2. The blanking tool of claim 1 wherein each of said plurality of contact surfaces comprises an arcuate edge generally flush with the inner edge.
3. The blanking tool of claim 1 wherein said plurality of contact surfaces are defined by a plurality of machined surfaces; and wherein each of said machined surfaces is a recessed area disposed between a pair of said plurality of contact surfaces, in order that said plurality of contact surfaces comprise high points on a side of said shear.
4. The blanking tool of claim 3 wherein said high points are disposed in a plane; and wherein said machined surfaces are disposed at a shear angle of between 0 degrees and 30 degrees with respect to the plane of said high points.
5. The blanking tool of claim 1 wherein each of said plurality of contact surfaces is triangular-shaped.
6. The blanking tool of claim 1 wherein said sheet of material comprises a product area corresponding to the area of said material where said blanks are located, and a web corresponding to the area of said material between said blanks; and wherein said plurality of contact surfaces are structured to avoid engagement with said product area of said material.

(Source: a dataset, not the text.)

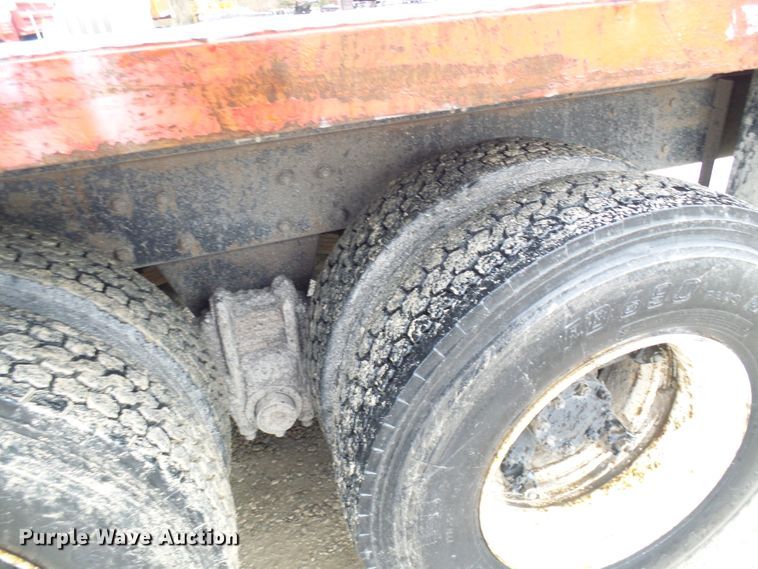 image for item DD1957 1989 Mack DM690S knuckle boom crane truck with grapple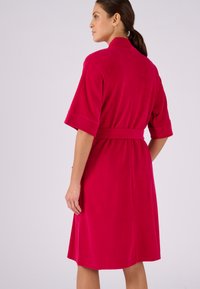 Fuchsia badjas met een gestructureerde afwerking, voorzien van een ceintuur op de taille en korte, brede mouwen. Het ontwerp is knielang met een rechte silhoutte.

7. A tooling assembly for a press, said press being structured to receive a sheet of material to perform a number of machining operations thereto, said tooling assembly comprising:
first tooling structured to be coupled to a first portion of said press;
second tooling structured to be coupled to a second portion of said press opposite said first tooling, said first tooling and said second tooling being structured to cooperate to engage said sheet of material therebetween; and
a blanking tool coupled to said first tooling, said blanking tool comprising:
a shear cooperating with a portion of said second tooling to cut a number of blanks from said material, said shear comprising:
an inner edge defining a thru hole,
an outer edge concentric with the inner edge, and
a plurality of contact surfaces disposed between the inner edge and the outer edge,
wherein every contact surface of said shear extends from proximate the inner edge toward the outer edge.
8. The tooling assembly of claim 7 wherein said blanking tool further comprises a plurality of holes in said shear and a plurality of fasteners; and wherein each of said fasteners extends through a corresponding one of said holes to fasten said shear to said first tooling.

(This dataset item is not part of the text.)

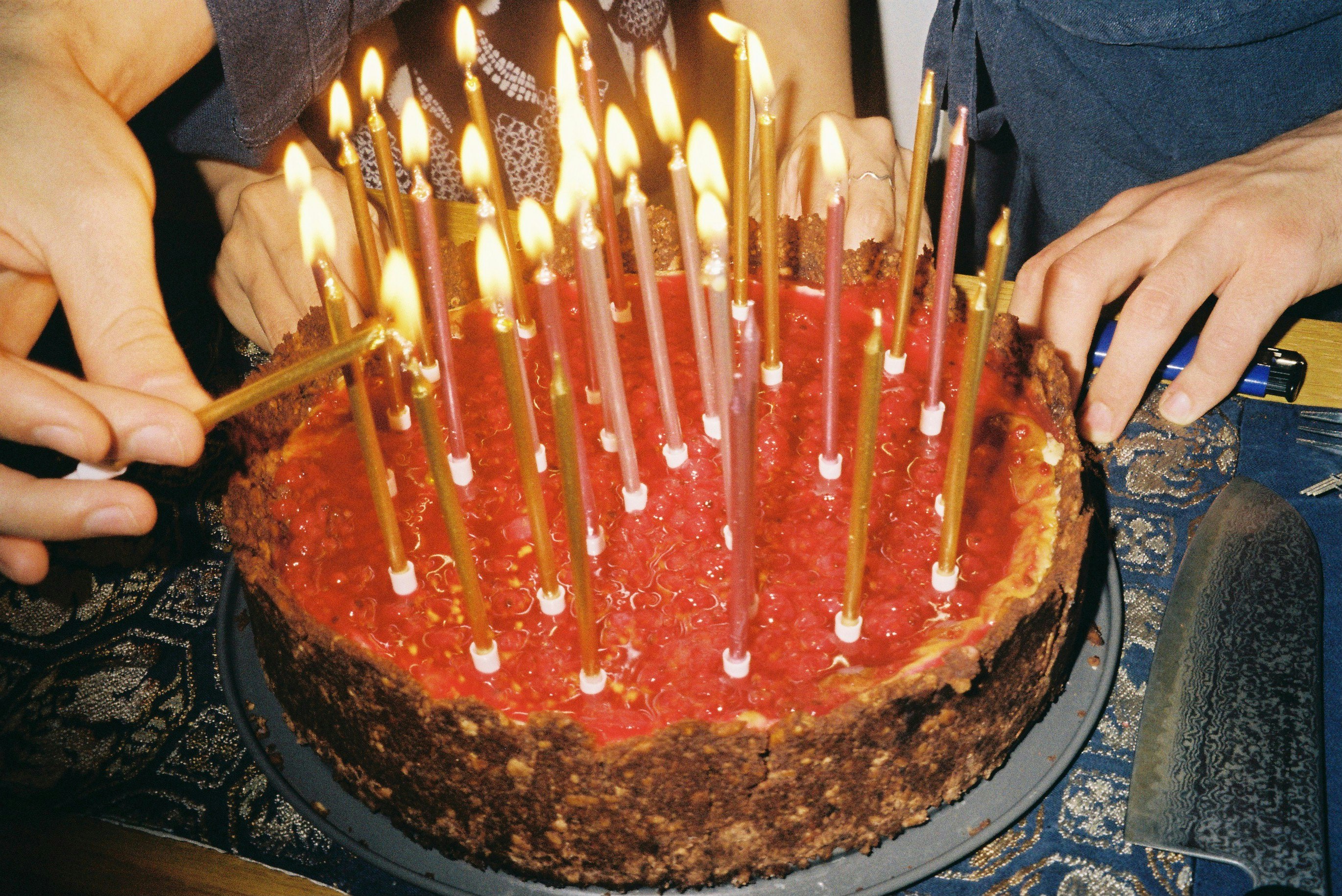 ろうそくの立つケーキを囲む手と家族の誕生日の場面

9. The tooling assembly of claim 7 wherein said second tooling comprises a stock plate; wherein said stock plate is structured to support said material as said shear cuts said material to make said blanks.

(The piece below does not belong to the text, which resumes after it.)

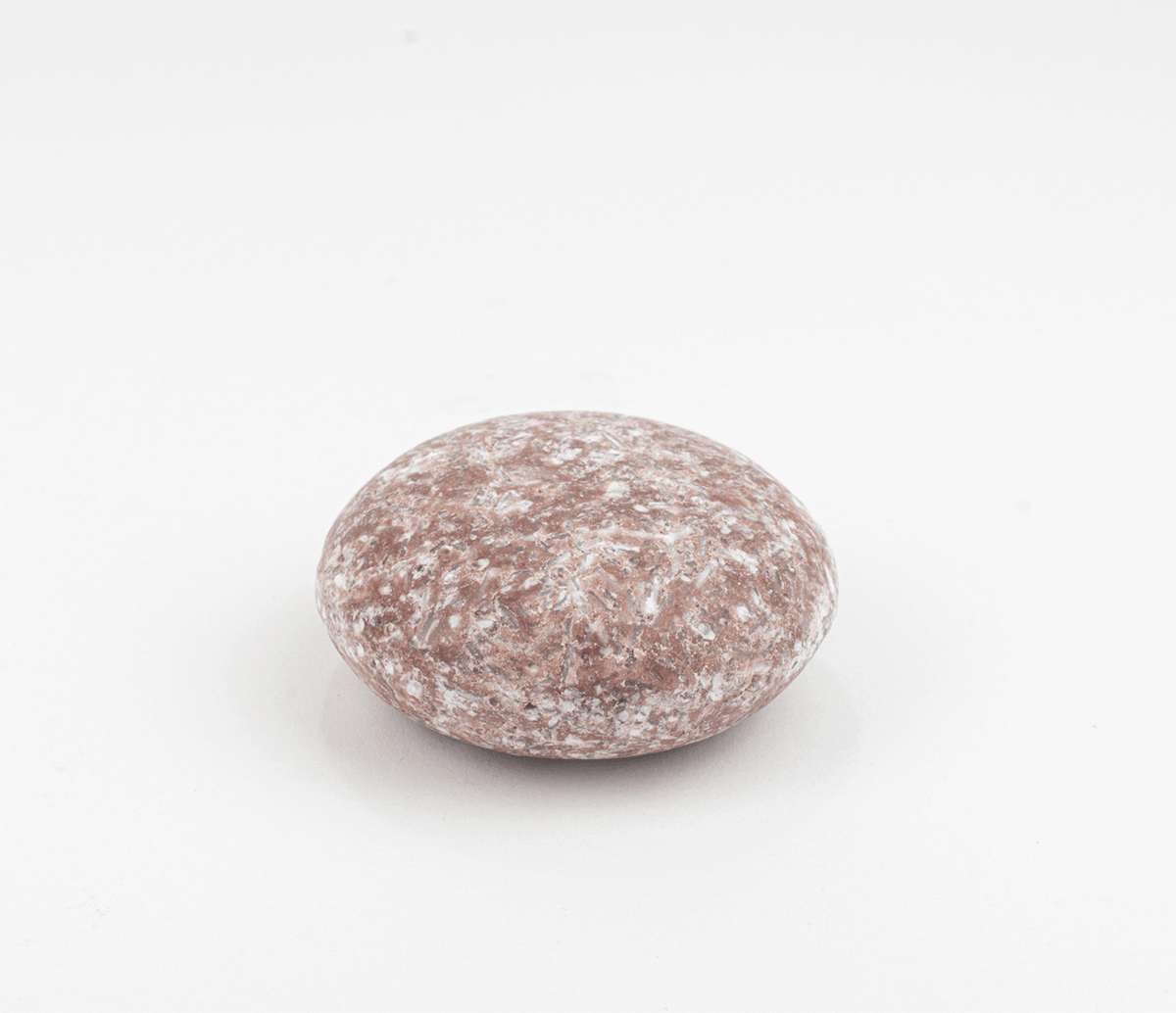 ZeroWasteStore.com shampoo bar with natural ingredients, shown in a sleek, eco-friendly package against a neutral background.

10. The tooling assembly of claim 7 wherein said blanking tool further comprises a carbide ring; wherein said carbide ring is disposed on a side of said shear around the inner edge; and wherein said carbide ring comprises the blanking or cutting edge of said blanking tool.
11. The tooling assembly of claim 7 wherein each of said plurality of contact surfaces comprises an arcuate edge generally flush with the inner edge.
12. The tooling assembly of claim 7 wherein said plurality of contact surfaces are defined by a plurality of machined surfaces; and wherein each of said machined surfaces is a recessed area disposed between a pair of said plurality of contact surfaces, in order that said plurality of contact surfaces comprise high points on a side of said shear.
13. The tooling assembly of claim 12 wherein said high points are disposed in a plane; and wherein said machined surfaces are disposed at a shear angle of between 0 degrees and 30 degrees with respect to the plane of said high points.
14. The tooling assembly of claim 7 wherein each of said plurality of contact surfaces is triangular-shaped.
15. The tooling assembly of claim 7 wherein said sheet of material comprises a product area corresponding to the area of said material where said blanks are located, and a web corresponding to the area of said material between said blanks; and wherein said plurality of contact surfaces are structured to avoid engagement with said product area of said material.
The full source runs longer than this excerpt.